Microsoft CEO Steve Ballmer shared his mind with listeners at the Web 2.0 Summit on Wednesday -- and the technology world is still talking about it. Ballmer offered his views on everything from Windows Phone to Yahoo to Google.
As Laura DiDio, principal analyst at ITIC, sees it, the Web 2.0 Summit featured vintage Ballmer: frank and pulling no punches. Whether or not people agree or disagree with Ballmer, she said, he never leaves any doubt as to where he stands on various issues.
Hindsight is 20/20
Ballmer seemed relieved that Microsoft didn't wind up acquiring Yahoo. In 2008, Redmond maneuvered a $44.6 billion takeover of the search-engine company.
When moderator John Battelle, co-founder of Wired magazine, asked Ballmer point-blank whether he was glad the company didn't buy Yahoo, Ballmer laughed and replied: "You know, times change. When you ask any CEO after the market has fallen apart, it's 'hallelujah.' " Ballmer also said, "Sometimes you are lucky."
With respect to Yahoo, DiDio didn't get the impression that Ballmer was referring to the company in a pejorative manner. Rather, she believes he meant that the purchase price of $40 billion, which would have occurred after the collapse of Lehman Brothers, would have put Microsoft in a tricky financial situation and one Ballmer is glad he sidestepped in 20/20 hindsight.
"Ballmer can hardly be faulted for that opinion," DiDio said. "I do think that Microsoft does value its partnership with Yahoo because it bolsters the position of both companies, which are decided underdogs, lagging way behind Google's market share in the search-engine market."
Biting Android, Apple
Ballmer went on the offensive against Google. "You need to be a computer scientist" to use Android, he said. DiDio said Ballmer's barbed criticism of Google's Android in those terms is exactly what you would expect him to say about a competitor. She found his comments reserved and restrained.
"Ditto for his oblique reference to Apple's products which he mentioned by saying they were presented in a 'sea of icons.' Many people undoubtedly feel that Ballmer's comments are a mixture of envy and sour grapes, and they would not be wholly inaccurate," DiDio said. "In fact, Ballmer's strategy has always been to shoot from the lip: He gets a lot more press when he disparages his rivals instead of praising them."
Why Windows Phone 7?
Ballmer also put in a few good words for Windows Phone. Battelle asked why consumers should buy a Windows Phone instead of an iPhone. His response: Windows Phone 7 puts your own information front and center.

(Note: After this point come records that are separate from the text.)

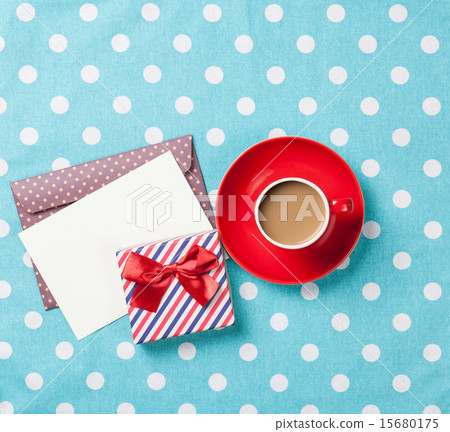 Cup of coffee and envelope 15680175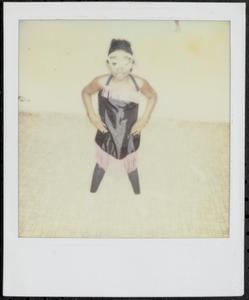 Girl posing in black and pink costume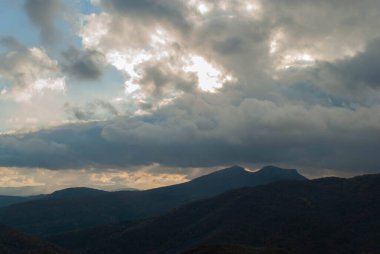 Dağlık arazi, bulutlu bir gün batımı gökyüzü, fırtınalı hava, dağlar yeşil ve turuncu renklerle ağaçlandırılmış..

"One thing he said that I found intriguing was that Microsoft needs to do more to drive down the price of mobile devices. I would like to see Ballmer expound on that and provide a detailed strategy and product roadmap for doing that," DiDio said.
"I also want to hear more specifics on the Skype product rollouts and integration with Microsoft's software offerings. I think Microsoft's acquisition of Skype could yield big dividends for them if done correctly."
Posted: 2011-10-26 @ 7:19pm PT
Hype? Apple is on track to sell 90 million copies of their "hype" in 2011 and more than 115 million in 2012. And they're delivering the whole phone. Microsoft may sell 26 million copies of the Windows Phone OS in 2011 and, if the Nokia deal holds true, may sell 65 million in 2012. Seems like Apple's "hype" is convincing a few people.
Posted: 2011-10-20 @ 12:50am PT
What Ballmer said was 100% truth. Android is a hacker friendly OS. iPhone 4S and Siri is just a hype. Windows phone 7.5 mango is the future.